Shattered and slightly underwhelmed, we caught the 153 back to town and went in search of more steak for tea. This in the end fell short of what we´d cooked up before but it still went down the same way and did it´s job.

Before sleep found us, we played cards and then Yatsy with a couple from Switzerland and a pair of friends from Holland.

Yesterday, I waved goodbye to Alex at the bus station and in return, he helped buy my next bus ticket with his far more developed Spanish. Before I travelled, I couldn´t have forseen spending more than five minutes with an American but this ´Jacob´s Crackers-dry´ young man dispelled some of my beliefs and our few days together enlightened me in many ways. His most notable contributions to my person were his teaching of chess and phrases I need to respond to at a grocery store.

With the tears dried, I caught a quick bus ride to the Che Guevara Plaza. Here in 2008 in his city of birth, a statue was erected and a plaza named in his honour. More significant than this is it´s location and timing of it´s unveiling. Very much on the outskirts of the city and created some thirty or so years after his death, the memorial in many ways reflects Argentina´s reluctance to embrace this global icon who to many did very little for the country in which he was born.



Political issues aside, the sculpture itself was cast from over seventy five thousand pieces of bronze, donated from people all over the world. Among these pieces are keys of houses abandoned by Argentines who fled the military dictatorship of the seventies.



From the plaza, I walked back through the centre and eventually returned to Juan Ignacio´s for a power nap and shower.

I joined up with the Dutch girls from the previous night, Peggy and Marjolijn, and set out to find a jazz festival that was on in the city for the whole month of November. We witnessed two events, neither of which could be described as anything close to ´jazz´.



The first was in a beautiful hall but this was juxtaposed with some very strange and out of sync dancing, performed by groups of students in tight black leggings and vests. They did also sing to some music being piped in but the visual horror show rendered this irrelevent.

After a pizza we were joined by a couple of Argentine cousins and with them we moved on to the next venue.
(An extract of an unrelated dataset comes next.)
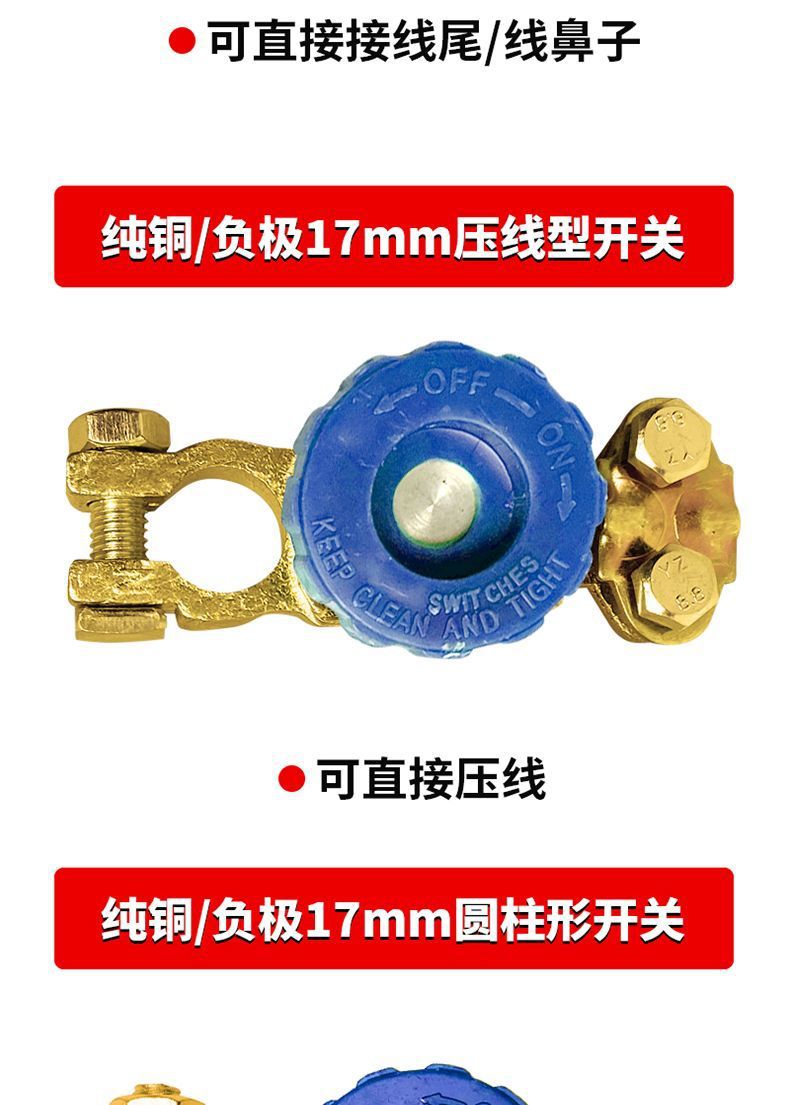 Car battery power-off switch modification anti-leakage clip pure copper thickened with power-off clip to protect battery pile head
This was in a bar and featured a girl swinging light sticks, a group of men talking on a terrace and a man portraying someone that seemed depressed and liked to thump tables. Very bizarre but as long as the beers were flowing, I was happy.
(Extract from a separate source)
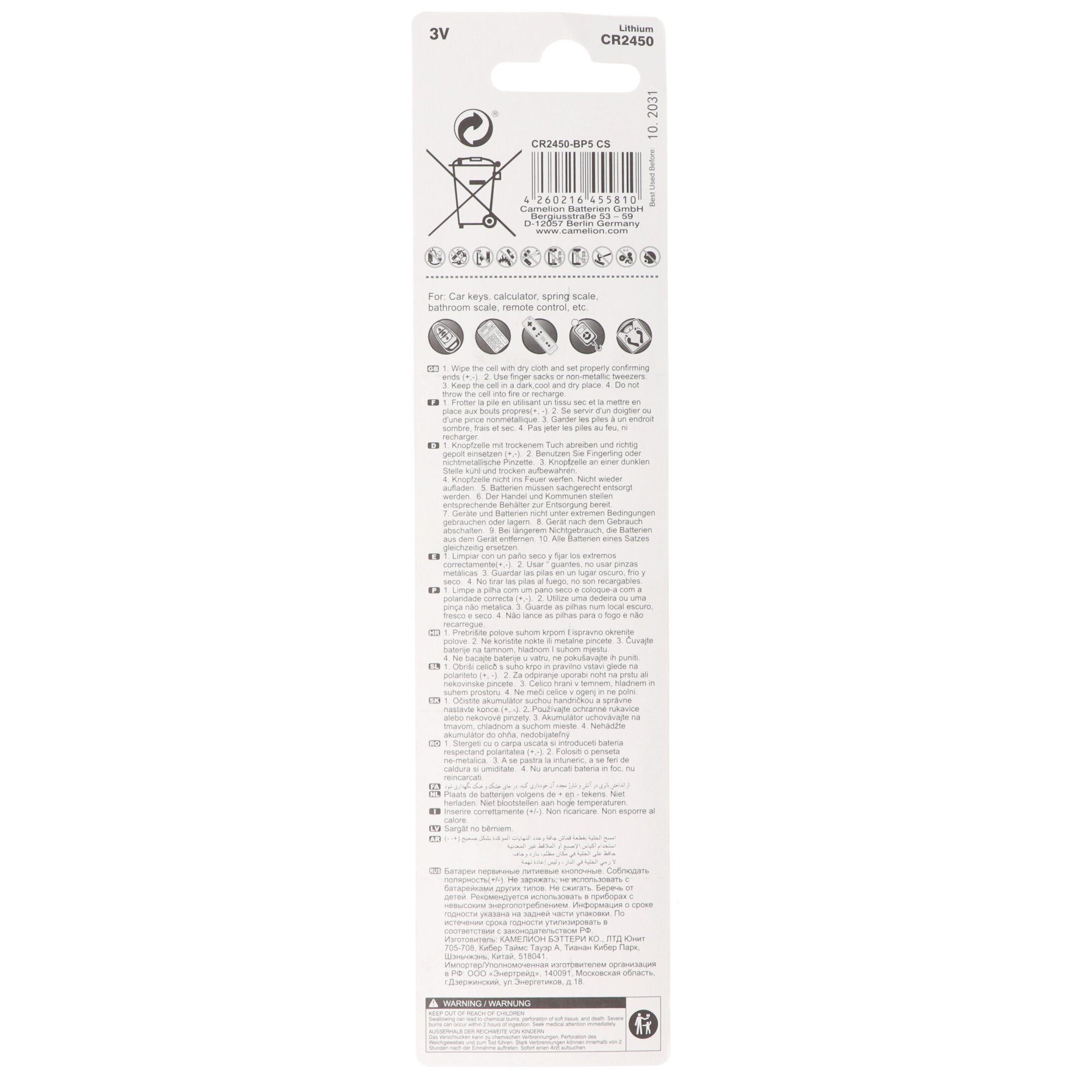 Camelion Camelion CR2450 Lithium Batterie im praktischen 5er Set Batterie, (3,0 V)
Eventually, we ditched the sleezy locals and went back to Don Jaime for some chats and a final beer.

Today has been very lazy with a three hour sleep in the afternoon and the only other notable activities being the purchase of an alarm clock and a pen. Skype has been hard to come by in this city and this was echoed in my hour long walk to find an internet cafe that had it.

Tomorrow, I catch the 8.15AM to San Antonio De Areco and the 70th annual Day of the Gaucho Festival. I´ll be there for five days of drinking, dancing, gaucho games and crafts.

Fingers crossed the festival beats walking round in squares.

Also on Saturday is Auntie Joan´s 70th birthday but with my Gaucho Hostel reservation already made, I will regeretably be unable to attend. I send my love to everyone who can make it.